The acquisition of a 49% stake, by the luxury conglomerate, LVMH, in May last year, has brought Edun into a world-renowned fashion family, in a position to work for good and to achieve global awareness on a scale never-before envisaged. “It’s given us more muscle,” says Ali.
Edun’s latest collection, launched this week at the London department store, Liberty, demonstrated just how far-reaching the all-embracing mission has become and the breadth of the sustainable, community-based projects in Uganda, Tanzania, Tunisia and Kenya which have been initiated and which focus on the environment, health care and education.
The pre-fall collection on sale at Liberty, for example, includes a capsule range of T-shirts designed by the children of the Bidii School, in Nairobi, Kenya. The designs include giraffes, zebras, village life, rastas, dancers, flowers and market scenes and cost £45 each.
Ali visited the school in February and described for me the grim conditions. “The school is in Kibera, one of the worst slums in Nairobi, with over a million people living in less than one square mile. The teachers do not get paid, and there are 90 children, 35 of whom are orphans, in one classroom. We were introduced to the school by Cristina Cisilino, the founder of MADE (the unique, FairTrade jewellery collection made in Nairobi), who now has some of the Kibera people working for her. The proceeds from the sale of the T-shirts will go back to the school. It’s another way Edun can get involved; not just in manufacture, but in creativity that has a lasting impact. We’re planning to do more T-shirts with the children for next season.”
A second set of T-shirts represent the output from Edun’s Grow To Sew organic farming project, established last year, in Northern Uganda, in conjunction with the Wildlife Conservation Society, and 800 farmers, displaced by civil war. “Here, Edun is involved in the most elementary way, starting with the growing of cotton. We guaranteed to buy the first year’s production, enough to make 70,000 T-shirts, and now we’re in year two, with 2,300 farmers, so we’ll be able to use some cotton for Edun T-shirts and then sell the rest. 100% of the proceeds go to the Conservation Cotton Initiative (CCI) Uganda CCI.”
To celebrate these projects, Edun has launched another T-shirt design competition with pupils from the Homeleigh School in East London, with entries currently on display in Liberty to be judged by the public. The winning T-shirt design will go on sale at Liberty in November.
“It’s taken five years to get where we are, but now we have a strong team, creative vision and each year we seek to grow more in Africa and make more in Africa.” Ali says. “There’s a lot of complications, a lot of corruption. But we are establishing the aesthetic of Edun and little by little we are getting there. This summer’s collection for example, has a lot of beading and leather details from Africa. When we started we were so naive; we thought we could do more. But we were on the road alone. Now, with LVMH, it has given us more muscle. We can see we will achieve our missions. To have everything made there would be a dream. It’s not impossible, it is just going to take time”.

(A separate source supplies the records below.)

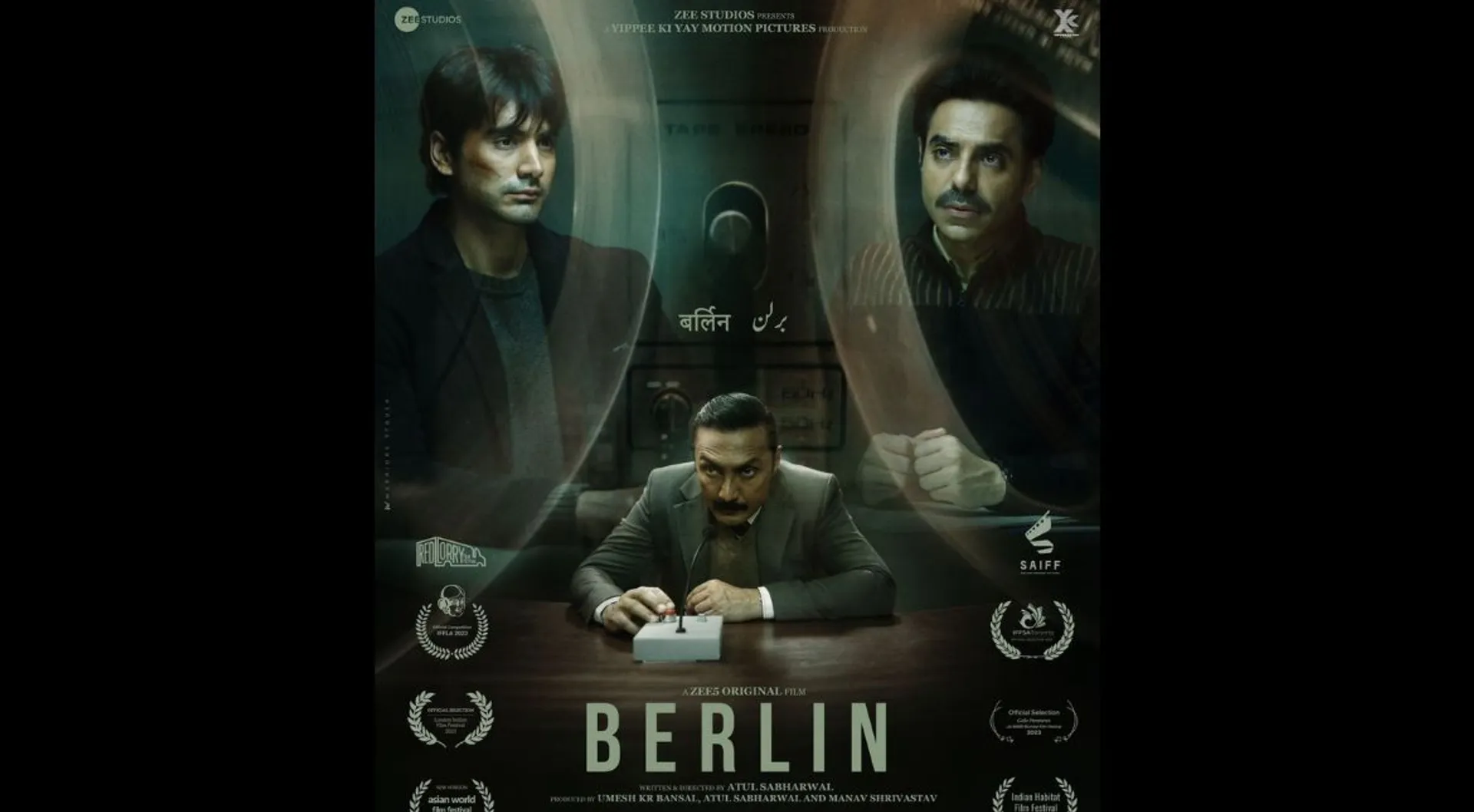 Post Melbourne premiere, spy thriller Berlin starring Aparshakti, Ishwak lands at ZEE5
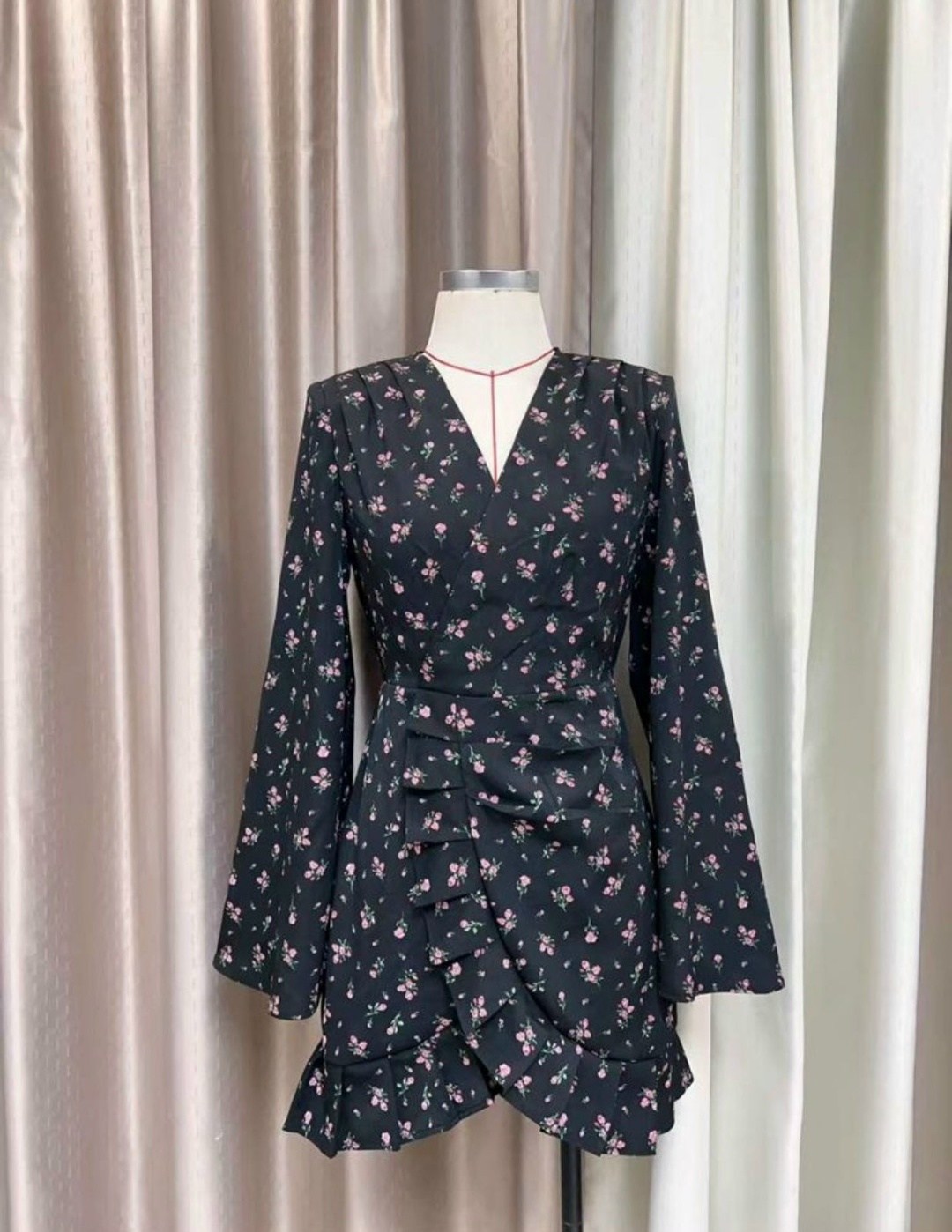 шифоновое платье,женское платье,платье,платье платье,платье черное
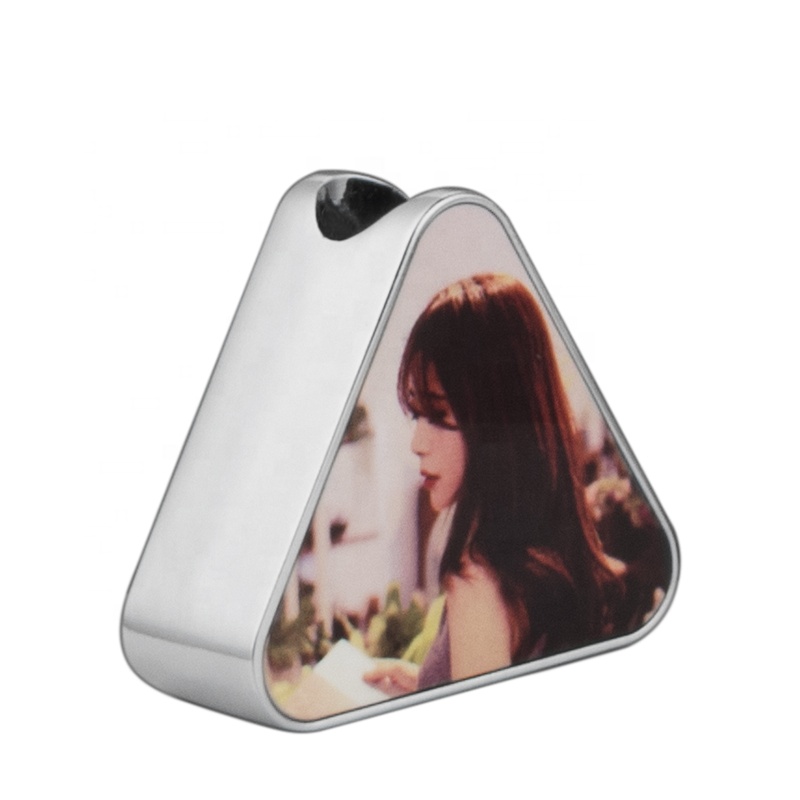 Office Pen Holder Sublimation Blank Metal Desk Mobile pen display stand Wholesale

In line with Edun’s objectives, the pre-fall collection proper, takes its inspiration from Africa and the effortless style it evokes of travellers on a journey through the Sahara Desert. In sand tones, in a mix of cotton, hemp, denim and linen, the collection is available from Liberty, from £44 - £635.
The recent appointment of the Paris-based, Irish designer, Sharon Wauchob, as Edun’s creative director, is intended to further broaden the brand’s fashion offering and to make more use of the African connection. Wauchob, who has made several visits to Africa, will show her first Edun collection at the forthcoming New York Fashion Week in September - coincidentally also the first time Edun has ever staged a catwalk show. Included on the runway will be some of the Bidii School T-shirts. Out of Africa indeed!